I think this is a fairly challenging problem. An exobrain isn't meant to be a dead thing. It's meant to work with the brain. The breadth of the interface needed to make such a thing useful means that it needs to be, in some nascent way, alive in its own right. As they say about hairstyles, it needs movement.

I spent some years meditating on this; my best lead for a long while felt like YOW! 2014 Edward Kmett - Stop Treading Water: Learning to Learn #YOW - YouTube, where the presenter talks about how his Github projects organically arrange his work into a spaced-repetition-style recall exercise. There's something about how humans interface with each other about high-density subjects that rhymes with how I wanted the interface with my notebook to work. But spaced repetition wasn't quite right - an SRS deck grows, but doesn't really have a rich theory of change. Is that right? It's not quite right. Say rather that it expands, but doesn't quite accrete. There's something disconcerting about how an uncurated SRS deck flings you from subject to subject. It feels like it burns through a line of credit that my mind is extending it - and yeah, upon examination, that is what it's doing! I'ts burning through my capacity and willingness to switch context, but it often isn't rewarding me with anything for doing it. An SRS card is a recall task, and recall tasks are often harder than they are enjoyable - especially early in the process. The hedonics of an SRS deck are off. This isn't a good motivation curve.

Let's try to make it up a little bit. I want context to my SRS deck. The key is to notice that a deck is a form of programmable attention. In fact, it's the classic example - a feed. It augments and mediates your attention via an algorithm.

I realized what I needed was something like spaced repetition in two ways:

it takes in a list of items I want to look at and outputs an subset of them to look at now. In other words, a paginated feed.
it lets me fuzzy-defer items - effectively, it lets me say, show me this again soon, or not so soon, or quite late. In other words, a todo list.

I wanted a few other things, which needed to live inside the feed idiom:

The structure of my notes themselves needed to shape what was happening somehow. Their relations and correlations ought to inform what I'm looking at in the way web browsing hsapes what I look at.
What I began with in the first place - my notes needed to grow. I wanted to develop things I found in here over time; link, expand, deepen; solve problems, correct misconceptions, learn and document nuance. Recall is all well and good, but I care more about doing and logging work I can return to. I memorise everything worth memroising near-automatically, so my real challenge was always going to be finding or making things I felt were worth memorising.

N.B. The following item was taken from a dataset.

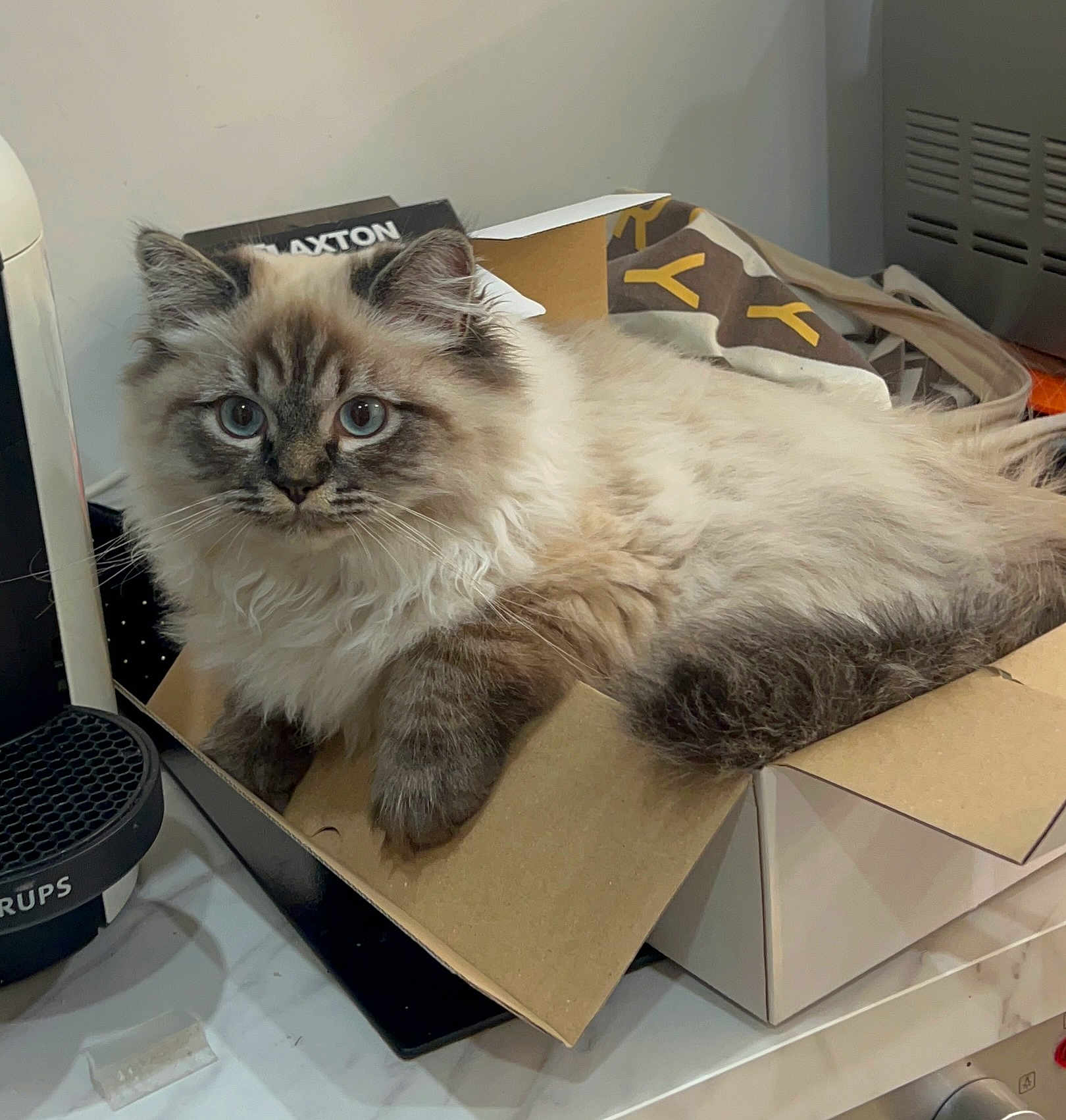 Oscar a rejoint le concours — aidez-le/la à gagner de superbes lots ! cat, fluffy, blue_eyes, cardboard_box, kitchen, countertop, curious, domestic_cat, feline, pet, indoor, relaxed, box, fur, whiskers, animal, mammal, closeup, cute, home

When I look at a note again, I usually want to change it, read it, or browse it. Either it's done, and I get to remember some beautiful work I've done or thing I've found - ideally, for an annotated bookmark, both; or it's not done, or stale, or missing connections to things, and I want to change the note; or, whatever its doneness, I care more right now that it links to or reminds me of something that's caught my attention. What I want is a collection of entry points into my notes with the right movement to flow with these workflows.

SRS ideas cover reading and changing, but they don't really cover browsing. For this, I decided to run PageRank on the resulting scores.

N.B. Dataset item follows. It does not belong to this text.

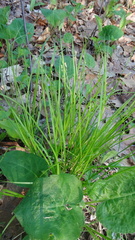 Carex brunnescens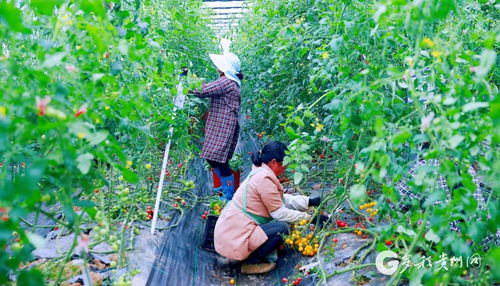 多彩贵州网 乌当区 土地碎片化治理 有新意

A few months of usage in, I realized I was very very bored with how repetitious the results were. While my goal of surfacing unexpected 2nd-degree-and-up connections was well served, clusters of related nodes tended to show up near each other, and standalones were completely shafted. I couldn't figure out a way to mitigate this - it's too deeply part of the point of PageRank. The algorithm assumes that all the entropy comes from the keyword search - the sheer number of possible results. It needs to extract all the order it can get out of the links. I I realized that I needed almost the inverse behaviour; to invert the standard PageRank score modifications, so that nodes that were too closely related didn't all show up - in fact, I needed them to compete, and to have a clear winner that changed often within a cluster. It is nighttime and I am still mulling over the nicest way to represent this.

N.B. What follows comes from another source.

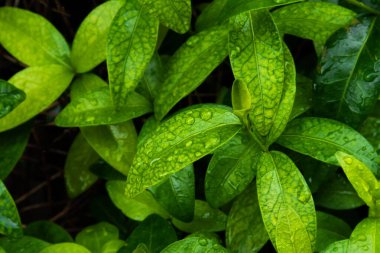 Yağmurda ıslak bir çiçek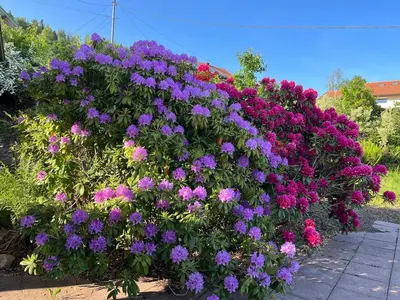 Jardin de l'établissement Aux balcons des xettes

One thing this problem does is clarify my goals for the feed. At present, I get to maybe two real entry points (deduplicating nodes that are too closely related) in a day. But if it's a good day, that number jumps to more like twenty. On days where I am carrying over context from an already open thread, or where I have some other heavy work going on, it drops to zero or one. All of this is fine. The real goal is tastiness, enough tastiness to make the harder days still intuitively worthwhile. I want the opportunities inside the Toricelli feed to feel good, good enough to make me want the one.

So what I want is for the top ten results to have at least three things that are interesting enough to suck me in, the way any feed worth its salt does.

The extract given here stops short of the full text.